赖嬷嬷是知道皇上的猜忌心的,可娘娘甘愿冒着这风险,也要把西北归为自己所有,这当真是太大胆了。
郑皇后微微勾勾唇角,“本宫之前只想着讨了皇上的欢心,可现在本宫不得不为自己打算的。宁夏总兵戚家因为是招安,这些年虽也有些势力,但是要真正的和镇北王府府抗衡,这绝对是伤敌三百自损三千。本宫也只能赌一把了,这些年本宫所有的体己都拿去给戚家疏通关系,若真的能让韩庆取代韩砺,昭华大长公主只手遮天。届时,除了戚家之外,韩家也是本宫手中的倚仗。如此一来,皇上即便存着废太子的心思,也绝对不敢轻举妄动的。”
赖嬷嬷还是有些不可置信的看着皇后。
郑皇后看她这样的眼神,轻笑一声:“皇上哪怕是顾及半分旧情,本宫也不至于有这样的心思。”

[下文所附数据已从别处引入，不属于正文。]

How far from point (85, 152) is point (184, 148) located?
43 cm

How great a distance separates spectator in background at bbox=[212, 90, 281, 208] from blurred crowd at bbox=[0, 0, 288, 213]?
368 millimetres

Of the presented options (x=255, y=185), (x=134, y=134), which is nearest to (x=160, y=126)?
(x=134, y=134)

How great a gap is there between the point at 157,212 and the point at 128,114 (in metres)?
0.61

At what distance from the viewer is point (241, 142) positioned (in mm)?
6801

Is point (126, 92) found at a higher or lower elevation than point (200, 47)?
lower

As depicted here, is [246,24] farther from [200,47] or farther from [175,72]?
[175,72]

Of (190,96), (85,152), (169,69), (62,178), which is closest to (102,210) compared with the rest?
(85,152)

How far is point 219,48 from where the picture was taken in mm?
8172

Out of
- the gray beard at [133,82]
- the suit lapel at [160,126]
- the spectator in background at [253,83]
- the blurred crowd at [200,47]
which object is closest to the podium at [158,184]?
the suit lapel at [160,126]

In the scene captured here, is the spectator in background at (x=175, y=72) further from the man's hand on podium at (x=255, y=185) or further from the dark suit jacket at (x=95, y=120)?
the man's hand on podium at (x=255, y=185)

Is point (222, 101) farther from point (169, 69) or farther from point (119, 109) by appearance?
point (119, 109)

“经过今个儿这样的事情,本宫算是彻底明白了,比起这样整日的小心翼翼,让皇上安心。最重要的是要为自己积蓄势力,让皇上即便是有心也不敢朝太子下手。”
说完,她眼神更冷了,“本宫早该想到的。比起除掉韩家,留着韩家,对本宫才是最有利的。若太子都不能顺利登基,什么都是假的。”
郑皇后当初让皇上立了儿子为太子,她其实不是不知道,史书上有多少例子,太子最终会遭了猜忌。可她以为,凭着皇上对她的恩宠,凭着皇上膝下就两个儿子,大皇子不中用,皇上是绝对不会动这样的心思的。
可她还是没能逃过。可见,历朝历代的皇上,都是多疑的。她若能早些看清这些,若能早些做打算,也不至于像今天这样措手不及。
可现在还不晚,皇上今个儿也只是稍微警告太子罢了。她这个时候谋划,还不算迟。
长春宫里,恭妃穆氏也是难以入眠。
惠安公主却是前所未有的开心,“母妃,您也看到皇后娘娘今个儿的难堪了,谁能想到呢,父皇会这样让她没脸。”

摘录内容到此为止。